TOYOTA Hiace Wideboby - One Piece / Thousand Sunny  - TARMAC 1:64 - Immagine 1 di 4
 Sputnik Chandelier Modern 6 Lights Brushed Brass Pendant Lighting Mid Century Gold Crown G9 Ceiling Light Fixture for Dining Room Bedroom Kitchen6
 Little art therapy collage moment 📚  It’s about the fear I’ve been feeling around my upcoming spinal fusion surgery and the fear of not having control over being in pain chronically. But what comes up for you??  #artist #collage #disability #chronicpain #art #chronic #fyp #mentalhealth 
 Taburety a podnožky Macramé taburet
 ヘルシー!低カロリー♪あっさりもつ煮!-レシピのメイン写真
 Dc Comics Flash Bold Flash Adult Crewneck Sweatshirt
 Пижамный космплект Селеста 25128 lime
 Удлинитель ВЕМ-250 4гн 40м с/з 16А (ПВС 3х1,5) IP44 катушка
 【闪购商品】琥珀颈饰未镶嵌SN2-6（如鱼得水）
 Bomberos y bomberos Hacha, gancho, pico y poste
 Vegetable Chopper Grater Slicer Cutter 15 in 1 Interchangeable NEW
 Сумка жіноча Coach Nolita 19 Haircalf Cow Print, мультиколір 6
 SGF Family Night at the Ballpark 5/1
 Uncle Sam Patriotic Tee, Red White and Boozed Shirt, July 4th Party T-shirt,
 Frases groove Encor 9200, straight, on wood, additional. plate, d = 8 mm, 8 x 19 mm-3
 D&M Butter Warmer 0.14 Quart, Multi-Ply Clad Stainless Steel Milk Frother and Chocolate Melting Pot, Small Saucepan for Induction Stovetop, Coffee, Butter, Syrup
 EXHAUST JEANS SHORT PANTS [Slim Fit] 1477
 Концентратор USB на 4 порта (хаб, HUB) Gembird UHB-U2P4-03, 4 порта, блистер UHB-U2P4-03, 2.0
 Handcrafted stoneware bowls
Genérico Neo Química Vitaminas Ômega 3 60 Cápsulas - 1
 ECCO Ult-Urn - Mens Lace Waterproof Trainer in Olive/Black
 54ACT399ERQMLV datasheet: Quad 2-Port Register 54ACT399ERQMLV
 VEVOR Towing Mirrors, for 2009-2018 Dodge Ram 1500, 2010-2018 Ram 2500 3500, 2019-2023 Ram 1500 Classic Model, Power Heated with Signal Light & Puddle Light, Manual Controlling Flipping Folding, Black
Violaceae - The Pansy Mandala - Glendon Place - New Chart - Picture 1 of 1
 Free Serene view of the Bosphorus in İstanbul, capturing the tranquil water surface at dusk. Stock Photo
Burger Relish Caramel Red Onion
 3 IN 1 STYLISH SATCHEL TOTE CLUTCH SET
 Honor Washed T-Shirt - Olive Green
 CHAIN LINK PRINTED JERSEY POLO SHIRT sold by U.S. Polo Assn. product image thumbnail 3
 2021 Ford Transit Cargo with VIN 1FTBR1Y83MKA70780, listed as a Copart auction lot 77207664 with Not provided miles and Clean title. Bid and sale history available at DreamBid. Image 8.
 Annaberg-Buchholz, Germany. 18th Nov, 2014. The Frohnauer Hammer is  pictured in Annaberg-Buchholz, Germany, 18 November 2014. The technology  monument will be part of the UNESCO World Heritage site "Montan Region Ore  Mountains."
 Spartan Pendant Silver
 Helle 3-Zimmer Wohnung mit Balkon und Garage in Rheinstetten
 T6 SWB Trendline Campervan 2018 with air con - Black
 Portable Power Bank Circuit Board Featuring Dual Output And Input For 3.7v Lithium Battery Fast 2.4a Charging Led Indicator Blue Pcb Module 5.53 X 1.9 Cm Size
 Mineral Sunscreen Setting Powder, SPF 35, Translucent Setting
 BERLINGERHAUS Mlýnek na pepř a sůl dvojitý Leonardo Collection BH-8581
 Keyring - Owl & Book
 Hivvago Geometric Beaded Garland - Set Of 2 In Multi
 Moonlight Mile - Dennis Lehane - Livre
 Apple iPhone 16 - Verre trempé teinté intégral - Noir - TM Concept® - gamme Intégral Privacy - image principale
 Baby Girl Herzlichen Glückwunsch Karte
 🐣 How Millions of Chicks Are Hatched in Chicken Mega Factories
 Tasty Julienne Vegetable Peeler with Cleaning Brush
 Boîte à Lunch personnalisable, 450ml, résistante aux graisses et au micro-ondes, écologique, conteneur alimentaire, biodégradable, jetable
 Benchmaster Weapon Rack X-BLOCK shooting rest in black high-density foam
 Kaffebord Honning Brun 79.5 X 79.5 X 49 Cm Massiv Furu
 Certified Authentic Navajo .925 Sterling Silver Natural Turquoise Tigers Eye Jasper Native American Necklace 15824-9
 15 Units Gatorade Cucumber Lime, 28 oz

* * * * *

→ Required action:
Set the material down exactly as written, starting at its first line. The line containing "VEVOR Towing Mirrors, for" is the last one to include.

→ Written solution:
TOYOTA Hiace Wideboby - One Piece / Thousand Sunny  - TARMAC 1:64 - Immagine 1 di 4
 Sputnik Chandelier Modern 6 Lights Brushed Brass Pendant Lighting Mid Century Gold Crown G9 Ceiling Light Fixture for Dining Room Bedroom Kitchen6
 Little art therapy collage moment 📚  It’s about the fear I’ve been feeling around my upcoming spinal fusion surgery and the fear of not having control over being in pain chronically. But what comes up for you??  #artist #collage #disability #chronicpain #art #chronic #fyp #mentalhealth 
 Taburety a podnožky Macramé taburet
 ヘルシー!低カロリー♪あっさりもつ煮!-レシピのメイン写真
 Dc Comics Flash Bold Flash Adult Crewneck Sweatshirt
 Пижамный космплект Селеста 25128 lime
 Удлинитель ВЕМ-250 4гн 40м с/з 16А (ПВС 3х1,5) IP44 катушка
 【闪购商品】琥珀颈饰未镶嵌SN2-6（如鱼得水）
 Bomberos y bomberos Hacha, gancho, pico y poste
 Vegetable Chopper Grater Slicer Cutter 15 in 1 Interchangeable NEW
 Сумка жіноча Coach Nolita 19 Haircalf Cow Print, мультиколір 6
 SGF Family Night at the Ballpark 5/1
 Uncle Sam Patriotic Tee, Red White and Boozed Shirt, July 4th Party T-shirt,
 Frases groove Encor 9200, straight, on wood, additional. plate, d = 8 mm, 8 x 19 mm-3
 D&M Butter Warmer 0.14 Quart, Multi-Ply Clad Stainless Steel Milk Frother and Chocolate Melting Pot, Small Saucepan for Induction Stovetop, Coffee, Butter, Syrup
 EXHAUST JEANS SHORT PANTS [Slim Fit] 1477
 Концентратор USB на 4 порта (хаб, HUB) Gembird UHB-U2P4-03, 4 порта, блистер UHB-U2P4-03, 2.0
 Handcrafted stoneware bowls
Genérico Neo Química Vitaminas Ômega 3 60 Cápsulas - 1
 ECCO Ult-Urn - Mens Lace Waterproof Trainer in Olive/Black
 54ACT399ERQMLV datasheet: Quad 2-Port Register 54ACT399ERQMLV
 VEVOR Towing Mirrors, for 2009-2018 Dodge Ram 1500, 2010-2018 Ram 2500 3500, 2019-2023 Ram 1500 Classic Model, Power Heated with Signal Light & Puddle Light, Manual Controlling Flipping Folding, Black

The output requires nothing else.